Among the lines below, output only those between the line holding "Квартира 1+1 в" and the line holding "Andrea smiling at", inclusive, exactly as written and with no pictures.

══ Data for processing

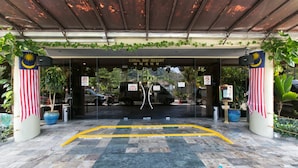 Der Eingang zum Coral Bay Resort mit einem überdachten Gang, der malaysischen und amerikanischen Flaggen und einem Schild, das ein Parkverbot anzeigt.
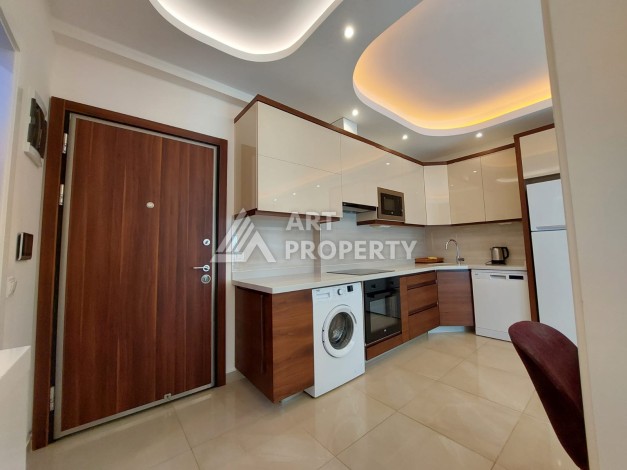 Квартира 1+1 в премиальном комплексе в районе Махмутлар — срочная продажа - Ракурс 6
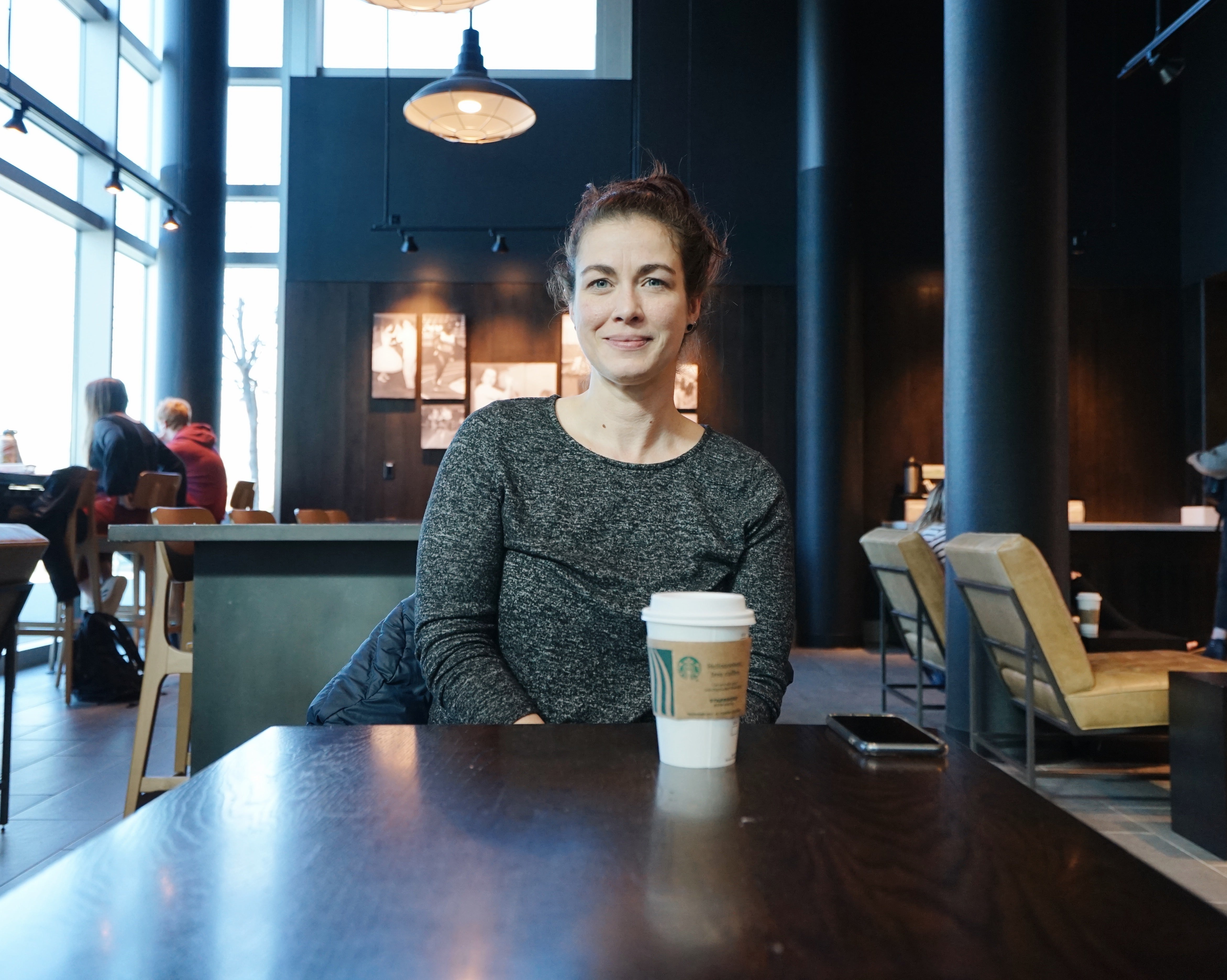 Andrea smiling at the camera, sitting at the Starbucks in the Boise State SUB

════
══ Data for processing

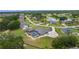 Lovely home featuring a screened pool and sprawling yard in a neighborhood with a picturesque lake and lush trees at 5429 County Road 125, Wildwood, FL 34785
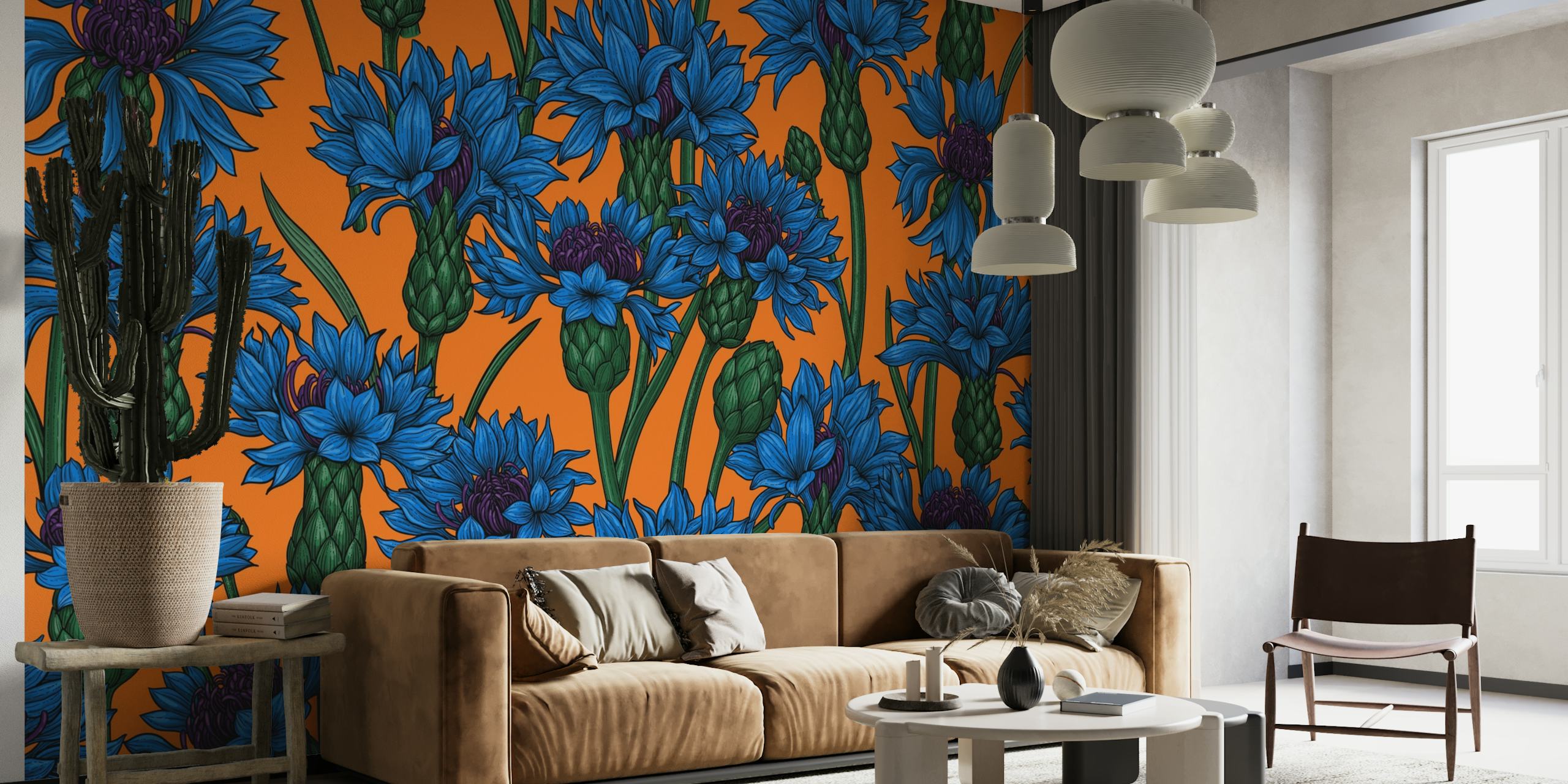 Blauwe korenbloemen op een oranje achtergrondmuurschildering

════
══ Data for processing

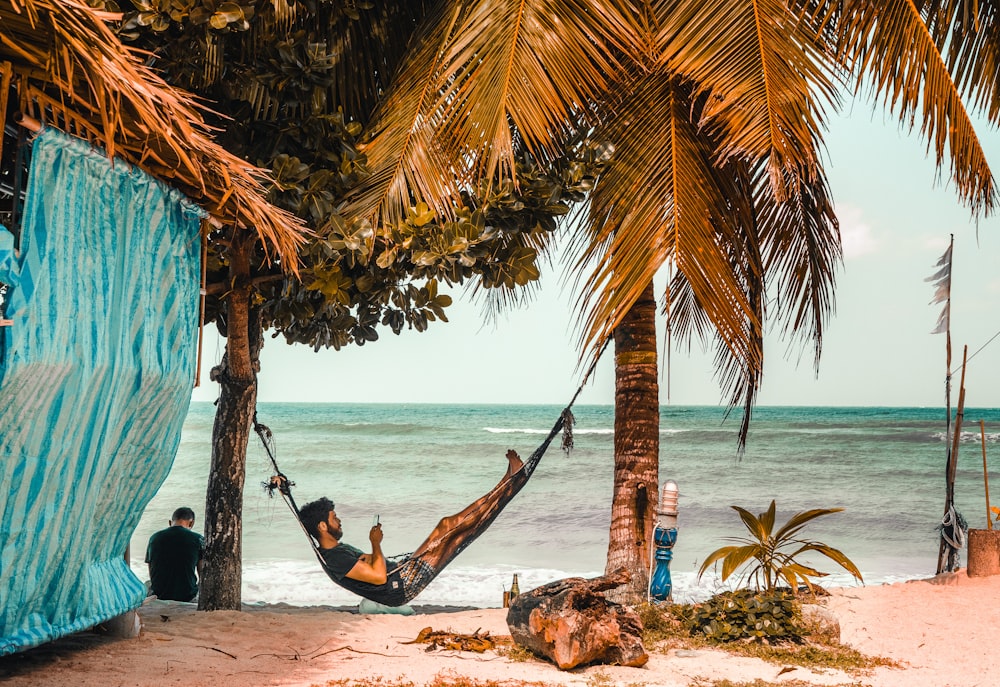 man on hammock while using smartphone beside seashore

════

▶ _Exercise answer_
 Квартира 1+1 в премиальном комплексе в районе Махмутлар — срочная продажа - Ракурс 6
 Andrea smiling at the camera, sitting at the Starbucks in the Boise State SUB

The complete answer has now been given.